Starting at the line that contains "AMD发布全新计算加速卡Alveo V80：自带32GB BHM2E、800G网络" and stopping after the line that contains "Espainia DSL ONA emaitzak euskaraz", transcribe the listing below exactly; do not include any pictures.

▶ _Record set_:
----------

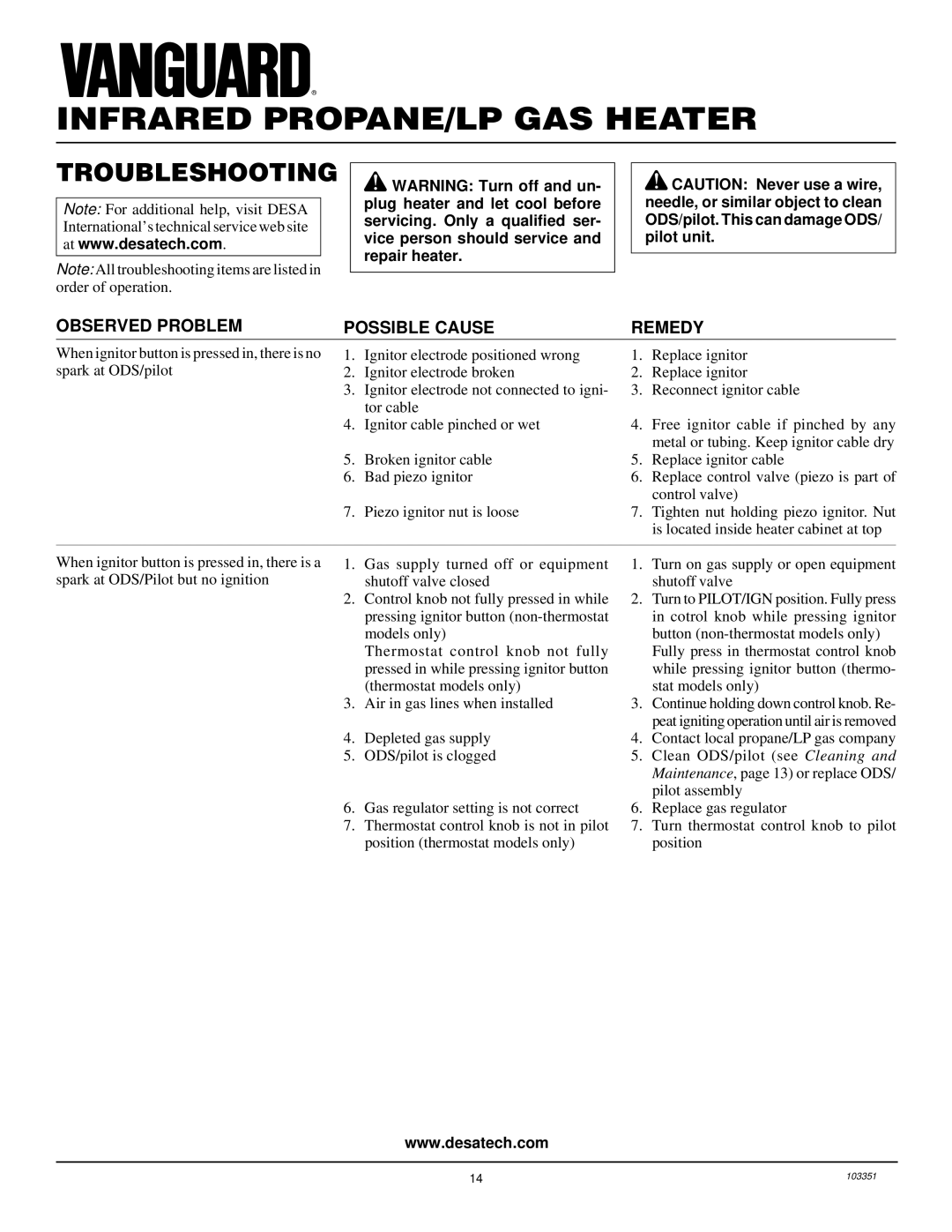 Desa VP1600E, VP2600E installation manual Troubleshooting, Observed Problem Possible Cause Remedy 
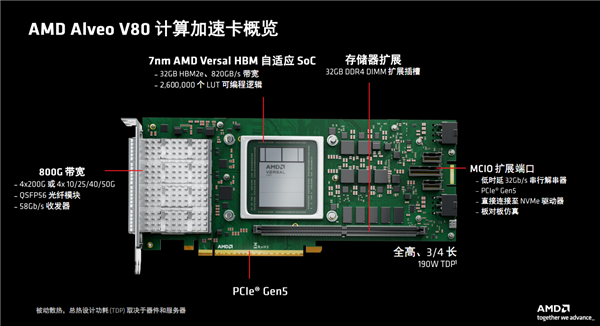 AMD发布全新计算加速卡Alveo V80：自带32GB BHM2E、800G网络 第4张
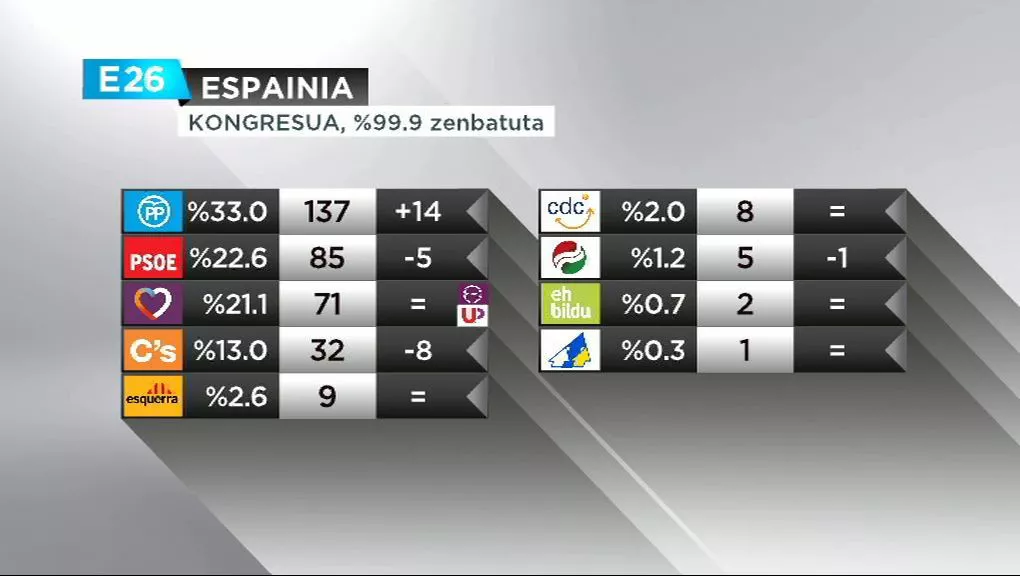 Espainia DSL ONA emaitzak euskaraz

----------

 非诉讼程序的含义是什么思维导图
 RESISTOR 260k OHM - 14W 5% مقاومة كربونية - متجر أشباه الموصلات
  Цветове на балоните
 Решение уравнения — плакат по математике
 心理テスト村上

----------

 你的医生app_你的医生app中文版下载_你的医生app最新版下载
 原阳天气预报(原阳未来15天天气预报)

----------

▶ _Result of the exercise_:
 AMD发布全新计算加速卡Alveo V80：自带32GB BHM2E、800G网络 第4张
 Espainia DSL ONA emaitzak euskaraz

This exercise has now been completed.